🤖 AI Summary
This work addresses the challenge of learning a unified implicit representation for full-body human motion—including facial expressions, pose, and gestures—without relying on explicit skeletal annotations or heuristic cross-identity adaptations. We propose an identity-agnostic, quadruply disentangled latent motion representation, learned within a self-supervised end-to-end framework. Motion is decomposed into semantically disentangled latent tokens; the architecture integrates a DiT-based video generative model, 2D spatial and color augmentations, and synthetically rendered cross-identity 3D motion data. An auxiliary decoder is introduced to explicitly supervise token learning. To our knowledge, this is the first approach enabling fine-grained, full-body, skeleton-free unified motion representation learning. Evaluated on large-scale motion datasets, it achieves state-of-the-art performance, significantly improving motion fidelity and identity consistency in cross-identity animation generation.
📝 Abstract
We present X-UniMotion, a unified and expressive implicit latent representation for whole-body human motion, encompassing facial expressions, body poses, and hand gestures. Unlike prior motion transfer methods that rely on explicit skeletal poses and heuristic cross-identity adjustments, our approach encodes multi-granular motion directly from a single image into a compact set of four disentangled latent tokens -- one for facial expression, one for body pose, and one for each hand. These motion latents are both highly expressive and identity-agnostic, enabling high-fidelity, detailed cross-identity motion transfer across subjects with diverse identities, poses, and spatial configurations.

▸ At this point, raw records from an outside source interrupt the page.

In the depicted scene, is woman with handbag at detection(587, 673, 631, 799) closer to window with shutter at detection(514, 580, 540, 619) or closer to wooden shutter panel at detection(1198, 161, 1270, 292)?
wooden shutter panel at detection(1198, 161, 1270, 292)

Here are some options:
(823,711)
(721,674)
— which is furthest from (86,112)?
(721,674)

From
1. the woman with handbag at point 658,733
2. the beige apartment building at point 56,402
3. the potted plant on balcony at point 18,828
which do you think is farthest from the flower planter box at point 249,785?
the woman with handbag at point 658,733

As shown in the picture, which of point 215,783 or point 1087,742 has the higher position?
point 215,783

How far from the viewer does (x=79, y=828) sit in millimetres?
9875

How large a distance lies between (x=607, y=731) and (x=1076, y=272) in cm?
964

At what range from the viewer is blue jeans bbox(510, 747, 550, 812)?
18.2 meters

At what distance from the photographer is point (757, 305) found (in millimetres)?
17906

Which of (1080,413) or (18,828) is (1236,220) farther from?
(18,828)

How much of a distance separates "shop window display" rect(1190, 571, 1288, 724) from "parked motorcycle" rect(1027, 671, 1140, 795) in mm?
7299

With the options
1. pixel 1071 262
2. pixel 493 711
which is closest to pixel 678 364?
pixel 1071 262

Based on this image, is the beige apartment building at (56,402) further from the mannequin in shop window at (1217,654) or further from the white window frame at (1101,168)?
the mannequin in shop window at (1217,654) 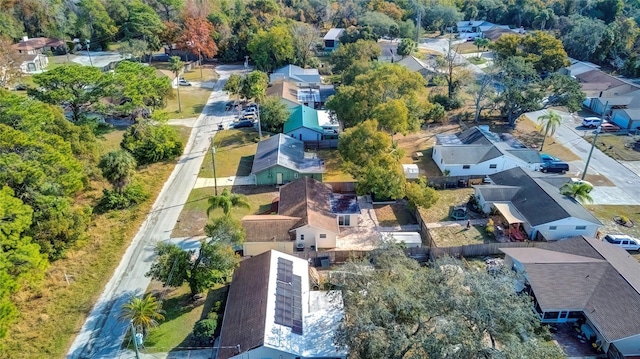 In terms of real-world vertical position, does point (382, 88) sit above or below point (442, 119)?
above

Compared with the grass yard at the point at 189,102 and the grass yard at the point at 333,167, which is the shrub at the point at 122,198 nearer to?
the grass yard at the point at 333,167

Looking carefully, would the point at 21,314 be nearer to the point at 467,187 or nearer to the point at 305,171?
the point at 305,171

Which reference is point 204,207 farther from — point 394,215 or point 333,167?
point 394,215

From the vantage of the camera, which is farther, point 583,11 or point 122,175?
point 583,11

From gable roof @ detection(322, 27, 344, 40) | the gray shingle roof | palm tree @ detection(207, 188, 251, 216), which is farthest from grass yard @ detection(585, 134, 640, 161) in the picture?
gable roof @ detection(322, 27, 344, 40)

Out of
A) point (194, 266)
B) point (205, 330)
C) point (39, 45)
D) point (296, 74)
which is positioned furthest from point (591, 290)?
point (39, 45)

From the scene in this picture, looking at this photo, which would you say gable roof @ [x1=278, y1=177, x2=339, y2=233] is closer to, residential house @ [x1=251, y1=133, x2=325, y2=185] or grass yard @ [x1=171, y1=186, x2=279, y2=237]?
grass yard @ [x1=171, y1=186, x2=279, y2=237]

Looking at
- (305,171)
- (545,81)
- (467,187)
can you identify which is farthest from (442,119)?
(305,171) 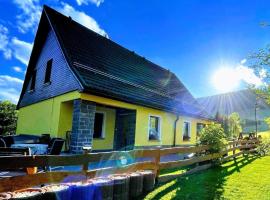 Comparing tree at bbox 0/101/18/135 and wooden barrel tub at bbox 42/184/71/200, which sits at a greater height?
tree at bbox 0/101/18/135

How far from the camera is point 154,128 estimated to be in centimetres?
1417

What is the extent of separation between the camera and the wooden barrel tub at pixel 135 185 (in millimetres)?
5536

To achieve this, we introduce a self-supervised, end-to-end framework that jointly learns the motion encoder and latent representation alongside a DiT-based video generative model, trained on large-scale, diverse human motion datasets. Motion--identity disentanglement is enforced via 2D spatial and color augmentations, as well as synthetic 3D renderings of cross-identity subject pairs under shared poses. Furthermore, we guide motion token learning with auxiliary decoders that promote fine-grained, semantically aligned, and depth-aware motion embeddings.
Extensive experiments show that X-UniMotion outperforms state-of-the-art methods, producing highly expressive animations with superior motion fidelity and identity preservation.